Can plants adapt from freshwater to brackish or do you need to buy plants that survive in brackish waters in the wild. I know they sell brackish water plants but is it really nessasary, or will FW plants adapt. I'm talking about plants like water sprite.


----------



## Fishboy93 (Jun 11, 2005)

Actually very few FW can adapt to BW. Java Fern is one of the few that will adapt. I would buy the brackish plants


----------



## DavidDoyle (Jan 18, 2005)

You need to get plants that will live in brackish. Many fw plants are very salt intolerant.

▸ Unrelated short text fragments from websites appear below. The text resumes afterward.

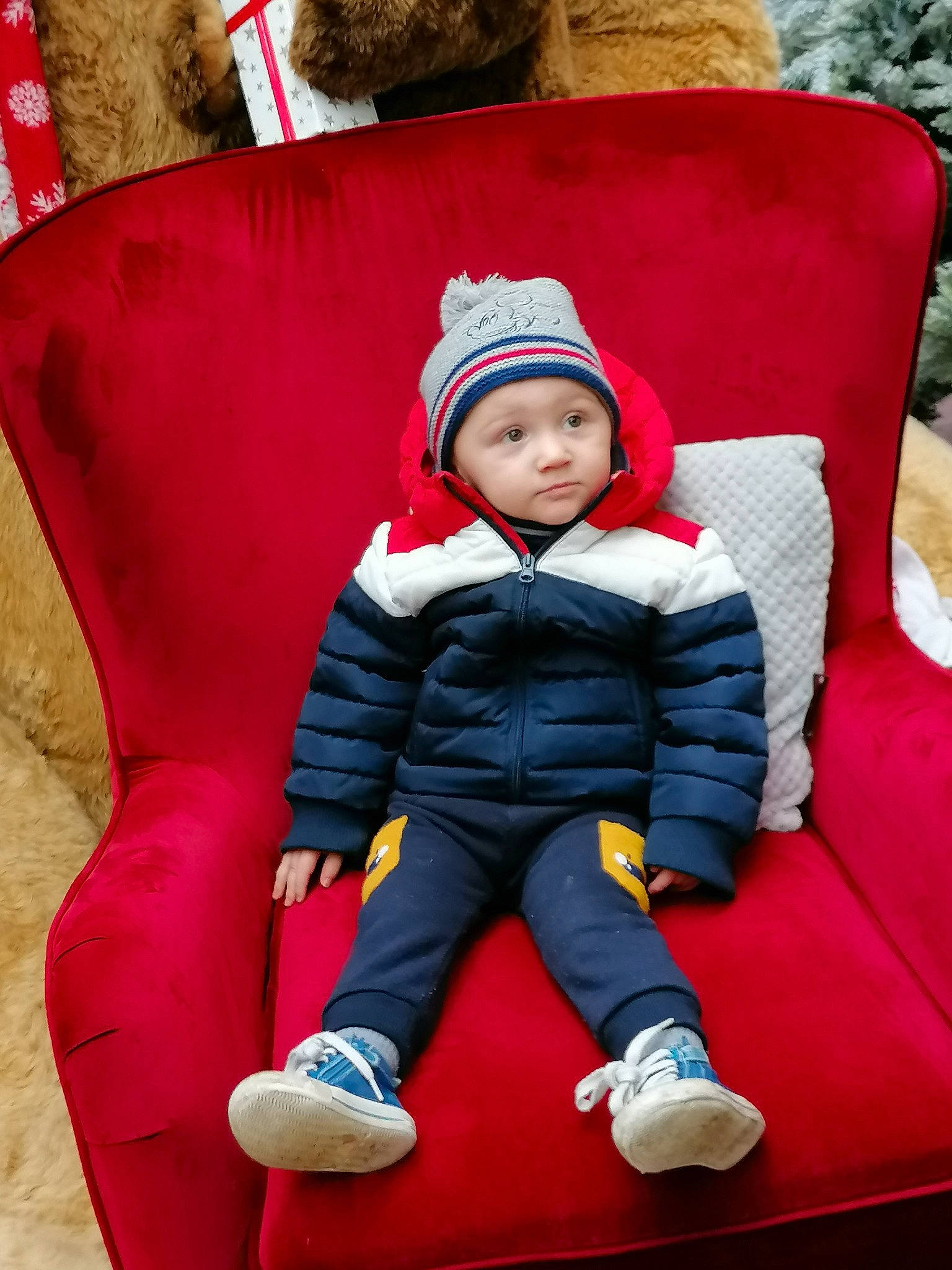 Matthew participe au concours pour gagner de l'argent avec cette photo : baby, baby_toddler_clothing, cap, child, comfort, electric_blue, fun, happy, hat, headwear, human_body, lap, leisure, magenta, mammal, person, recreation, red, sitting, sleeve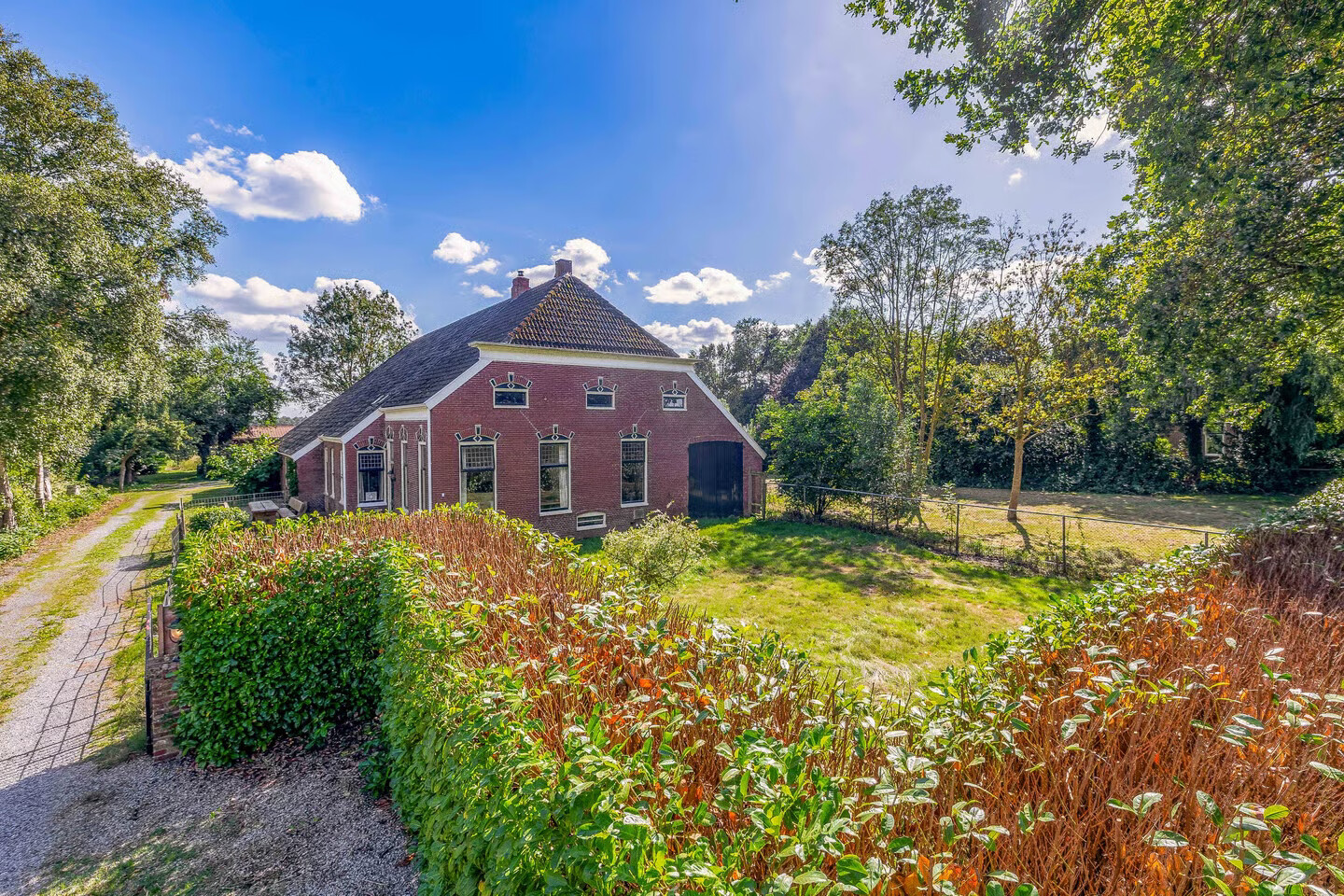 Vrijstaande woning te koop: Zuiderdiep 4, Drouwenermond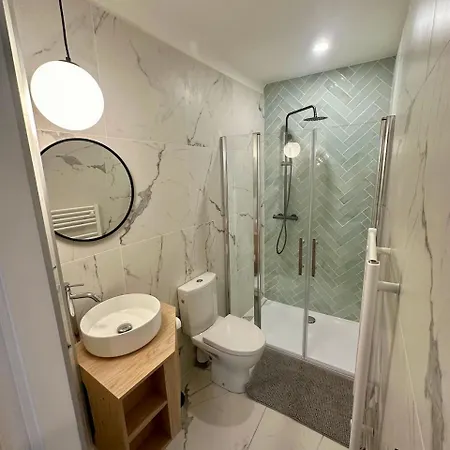 T5 Cozy Centre 아파트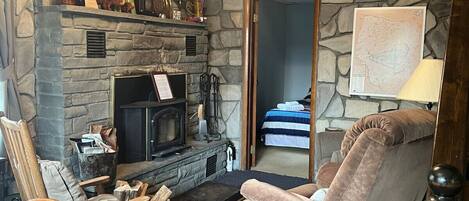 電視、壁爐、書籍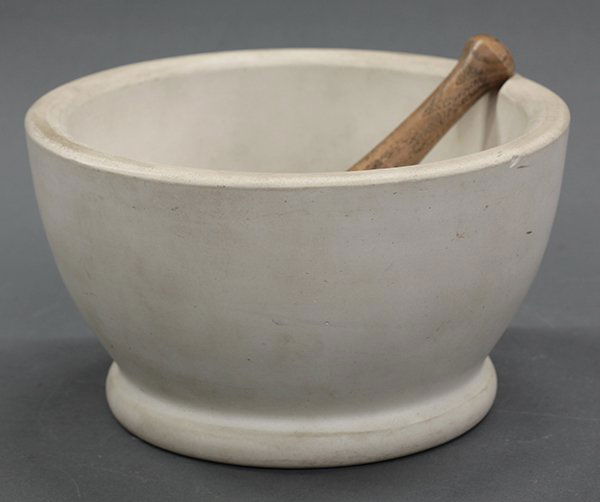Wedgwood pharmacy mortar and pestle, 19th century
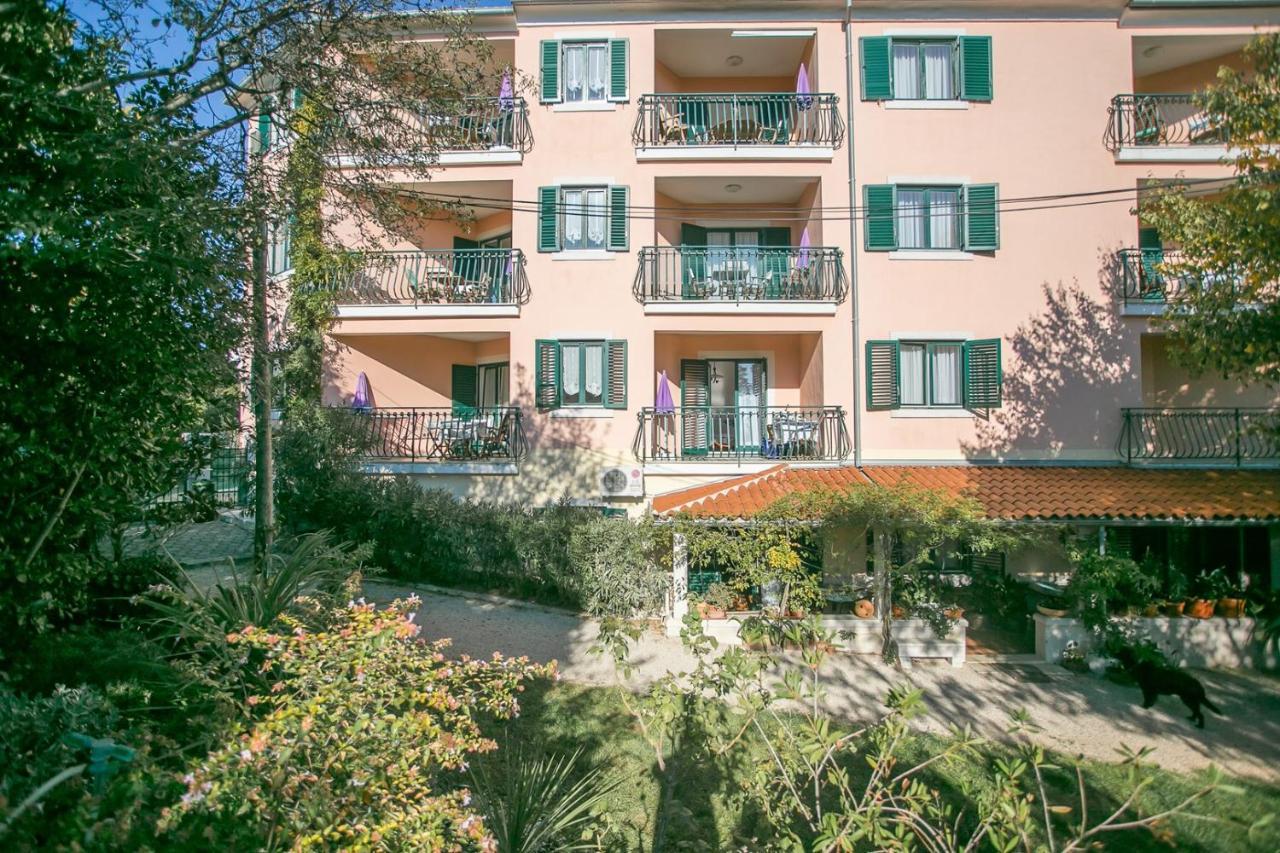 Villa Mareonda - Apartments Sussurro Rovinj Exterior photo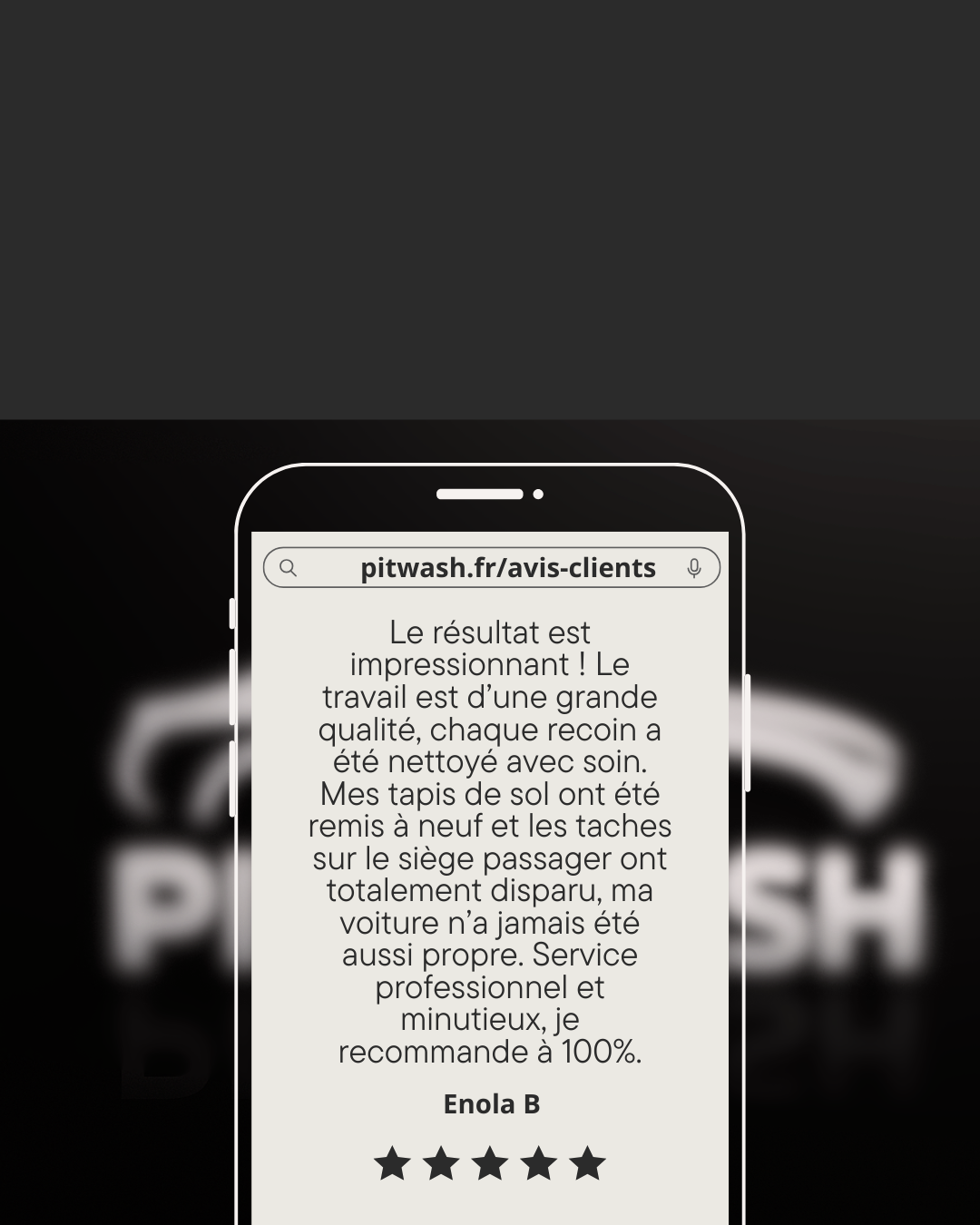 Capture d'écran d'une page de commentaire sur un site Web, affichée sur un téléphone portable, avec une note de cinq étoiles et un texte positif en français sur la qualité du service de nettoyage des tapis et de la voiture, signé par Enola B.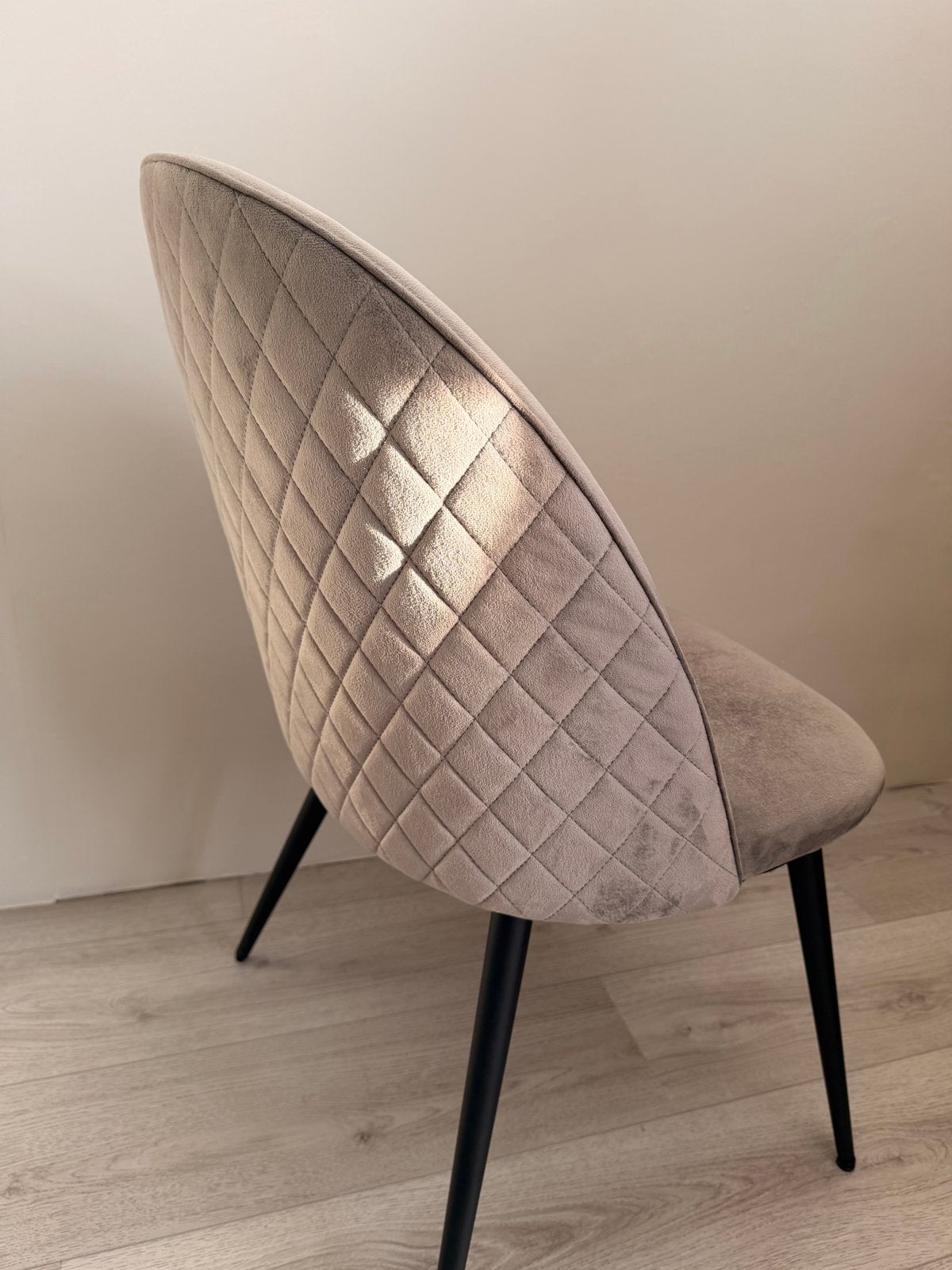 2 grijze stoelen van Jysk, Ophalen, Gebruikt, Twee, Stof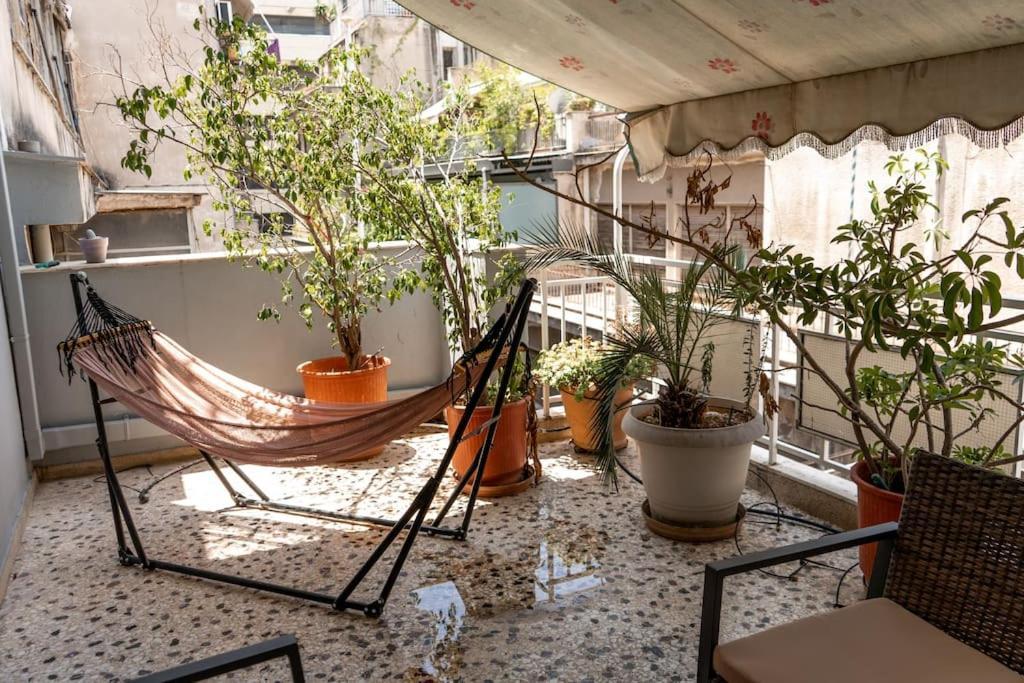 Saffron Apartment In Central Афіни Екстер'єр фото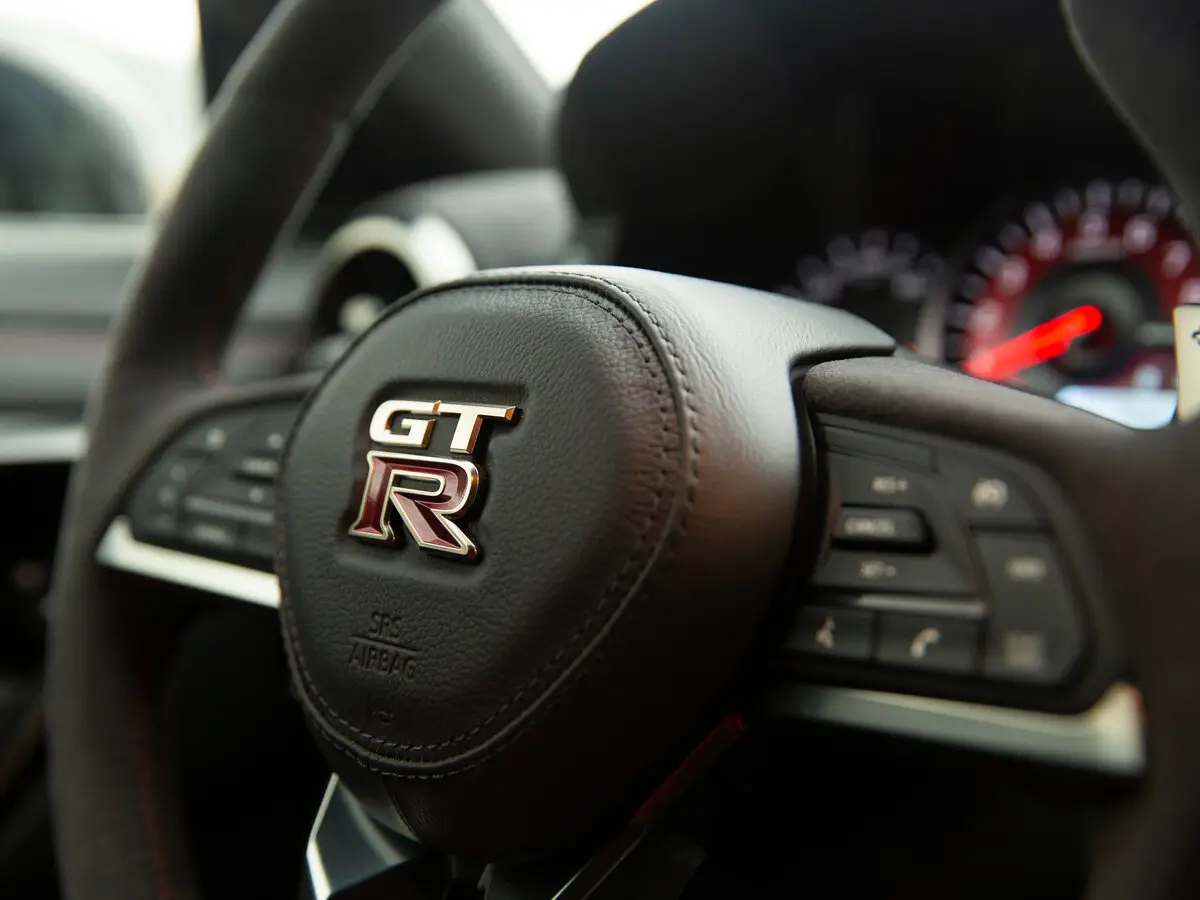 Nissan GT-R I Рестайлинг 3 Купе Nismo — 照片 10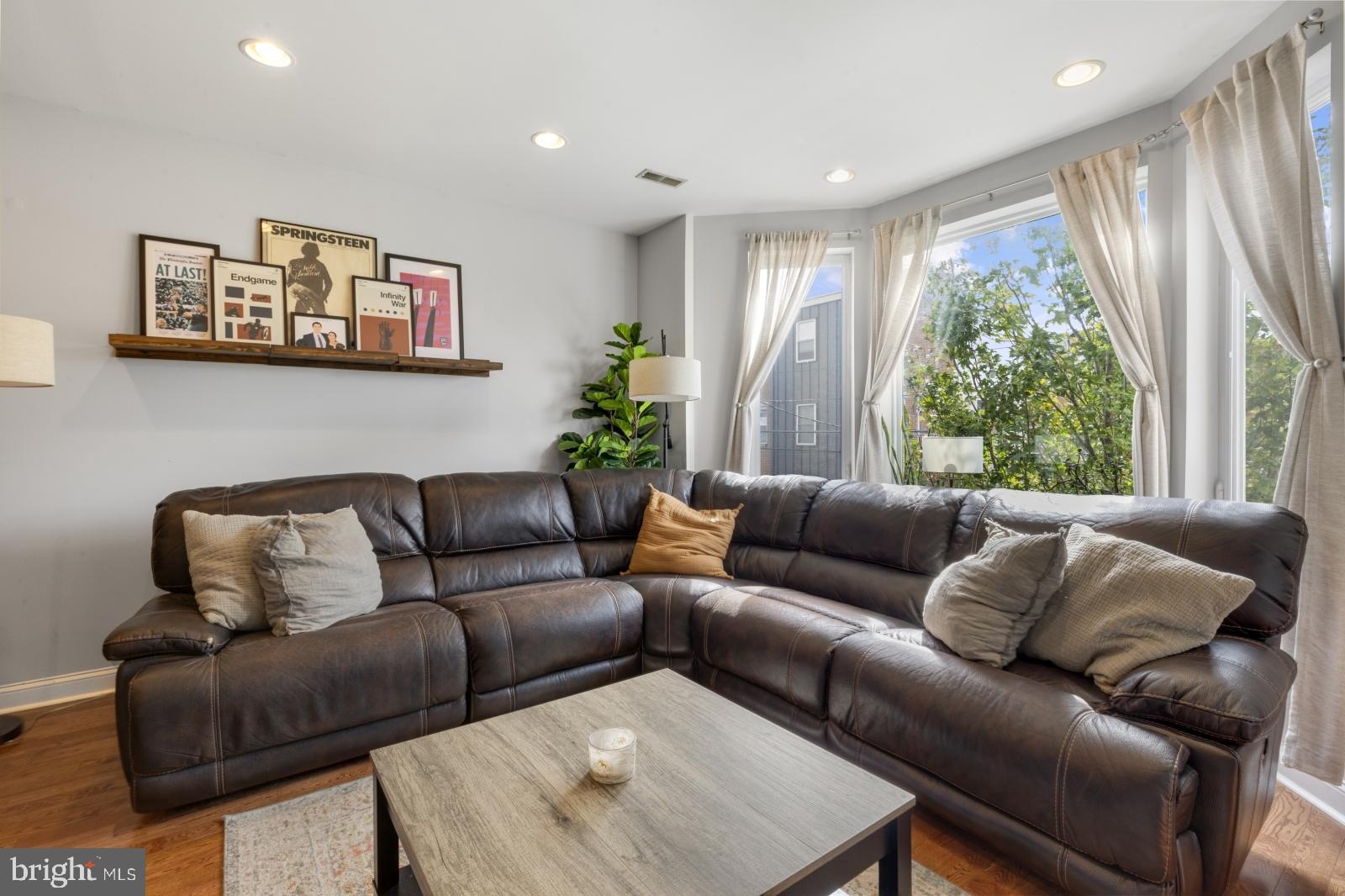 GRADUATE HOSPITAL - Residential Lease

Those that can work in brackish include:

Aponogeton crispus 
Bacopa monnieri 
Cladophora aegagropila 
Crinum calamistratum 
Crinum natans 
Crinum thaianum 
Cryptocoryne pontederiifolia 
Cryptocoryne wendtii 'Mi Oya'
Glossostigma elatinoides 
Lilaeopsis brasiliensis 
Lilaeopsis macloviana 
Lilaeopsis novae-zelandiae 
Microsorum pteropus ''Narrow''
Microsorum pteropus ''Undulata''
Microsorum pteropus ''Philippine''
Microsorum pteropus ''Red''
Nymphaea lotus (zenkeri)
Samolus valerandi 
Shinnersia rivularis 
Spathiphyllum wallisii 
Vesicularia dubyana


----------



## awesome kid (Jun 10, 2005)

be careful, most will only survive with an sg less than .05, it would have to be a low brackish if you want plants


----------